As a special Father’s Day treat, this pie is so rich and delicious in its simplicity.  It was a favorite of my Dad’s and I’m sure he misses it as much as I do.  Not one of his three daughters has been able to master the art of my Mom’s flaky crust or perfect blending of the creamy and sweet cinnamon-scented filling.  As our friend Tiffani reminded me, the added bonus of pie-making day was the cinnamon sugar roll-ups of leftover dough scraps that my Mom would bake in the oven.  These tasty treats kept my sisters and me satisfied while we waited for the pie to appear after dinner.

To my friend and favorite culinary master: I know you will add your special Mary Anne touch to this recipe and share it with all of your “Feast on the Cheap” followers to enjoy for years to come. Thanks for sharing it and keeping my Mom’s memory alive.
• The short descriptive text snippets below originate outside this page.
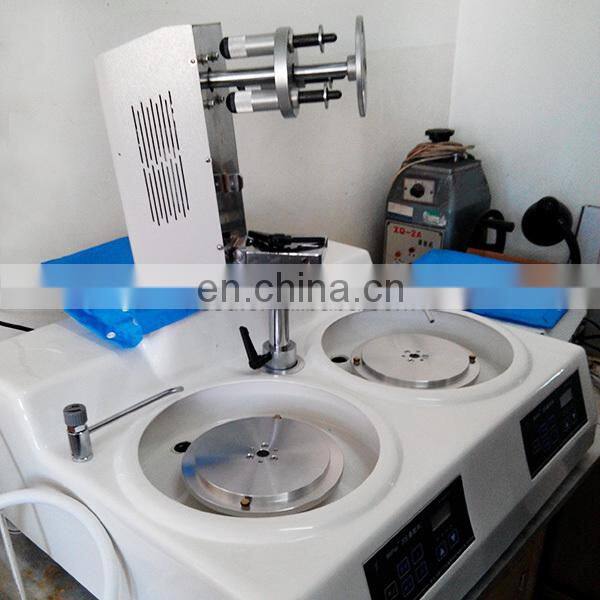 MPT Semi-automatic Polishing and Grinding Head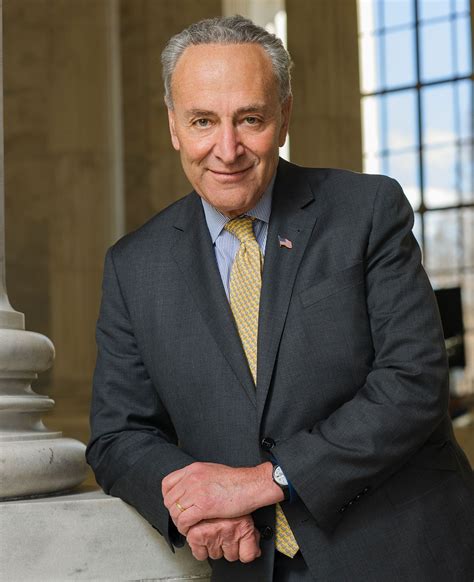 Chuck Schumer Biography Facts Britannica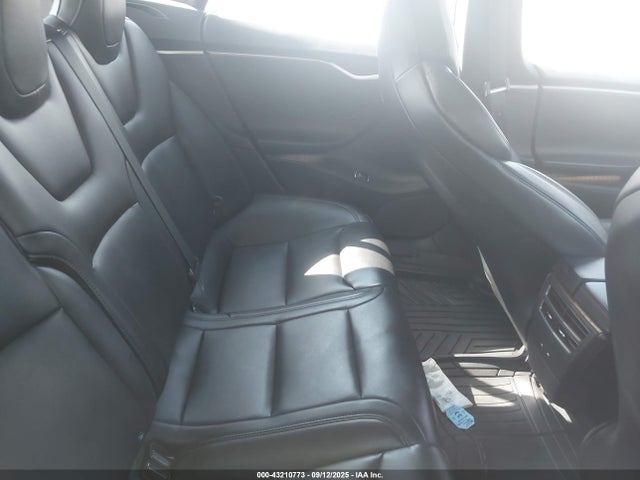 2018 TESLA MODEL S 5YJSA1E26JF296957 Photo 7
As summer approached, Marcia had begun talking about her mom’s incredible Peach Pie and how much she misses it now that her mother is no longer with her. I asked Marcia if she or her sisters might be able to locate the prized recipe so that I could attempt to replicate it.

As I’m certain no rendition is ever as amazing as ”Mom’s”, the result was incredible and unlike any Peach Pie I’ve tasted before. The sour cream prevents this pie from being cloyingly sweet, as so many are, and the sprinkling of sugar on the lattice crust gives it a delectable crunch. Most of your senses will be rewarded with this pastry as the peaches are aromatic, their texture is silky, and the crust will melt in your mouth!

Peaches are in season in the Southland right now and not only make a sensational pie, but these Southern beauties, when grilled, are spectacular in a salad or cooked into a chutney as a side dish for meats and poultry.

Marcia’s mom made her pie crust with shortening. As it’s no longer considered a healthful choice, I suggest you prepare my (dubiously) healthier option.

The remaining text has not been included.